We have the futures market — and Ray Dalio — to thank for the Chicken McNugget
Bridgewater founder Ray Dalio reimagined the chicken as an entity that consumes corn and soybeans on its way to being consumed by you.
Long before you could use a “buy now, pay later” option to DoorDash some McDonald’s, financial innovation played a key role in delivering the Chicken McNugget.
And what is a Chicken McNugget, anyway?
If you ask McDonald’s, it will tell you it’s a scrumptious morsel of chicken, water, vegetable oil, enriched flour, and a host of other ingredients available quickly for relatively cheap.
But if you ask Ray Dalio to zoom in on the main ingredient, he’d have a different answer.
In the same way that a Michelin chef might deconstruct a cheesecake into its constituent parts, reimagining the dish for an eager gourmet, Dalio viewed the chicken as an entity that consumes corn and soybeans on its way to being consumed by you.
This reconceptualization — and the futures market — is what allowed for bite-sized fried poultry to become a fast-food favorite.
Early in his career, the Bridgewater founder was hired as a consultant to work with McDonald’s on pricing this new menu item. McDonald’s wanted price security to be able to generate a solid return without frequently changing prices. So-called “menu costs” — the time and resources it takes to update pricing — are the deadweight costs of inflation, and can also turn off consumers.
There have been many attempts to introduce chicken (and egg) futures over time — oh, and by the way, the egg futures came first. But these were plagued by perishability and standardization concerns, and later, the magnitude of vertical integration among major poultry producers.
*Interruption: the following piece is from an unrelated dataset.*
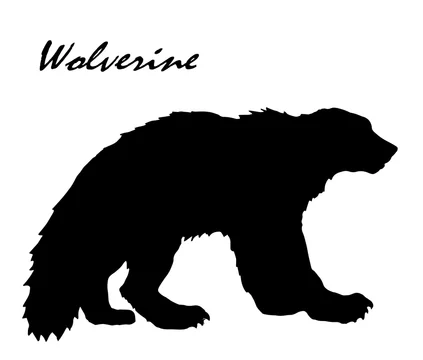 vector isolated black and white image of wolverine on a white background  and the inscription Stock Illustration | Adobe Stock
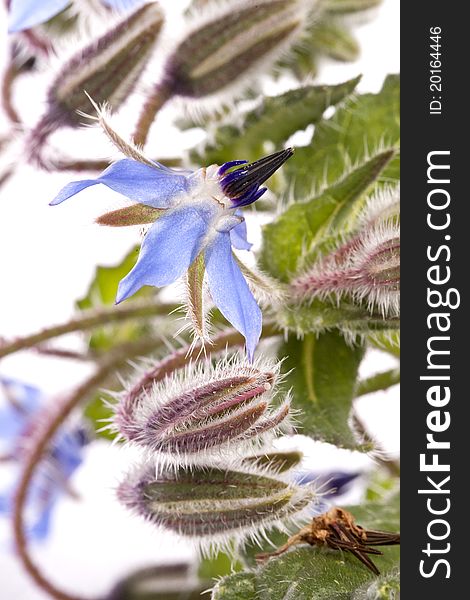 Close up view of the Borage Flower (Borago Officinalis) isolated on a white background.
Even now, you have to turn to China’s Dalian Commodity Exchange to access these futures.
So Dalio couldn’t simply tell McDonald’s to use chicken futures to lock in supply at various points in time. That’s where his financial ingenuity came to the rescue, as he also happened to have Lane Processing, a leading chicken producer that would go on to be acquired by Tyson, as a client.
As Bridgewater recounts in its founding story (emphasis ours):
“The corn and soymeal prices were the volatile costs the chicken producer needed to worry about. Ray suggested combining the two into a synthetic future that would effectively hedge the producer’s exposure to price fluctuations, allowing them to quote a fixed price to McDonald’s. The poultry producer closed the deal and McDonald’s introduced the McNugget in 1983.”
Dalio, for his part, has said that it would be “overreaching” to call himself the creator of the Chicken McNugget.
But without this display of financial engineering, the McNugget might have never gotten off the ground. Solving the financial equation was a prerequisite to overcoming the additional challenges of storage, distribution, deep-frying, and marketing.
It’s a throwback to the original conceit of futures in greasing the wheels of production and consumption, a practice that continues to this day for major sellers and buyers of everything from chocolate to jet fuel.
Since the early 1980s, the list of tradable agricultural commodity futures has swelled to include a variety of dairy products, pork cutout (the processed meat, rather than the live hog), and fertilizer, to name a few.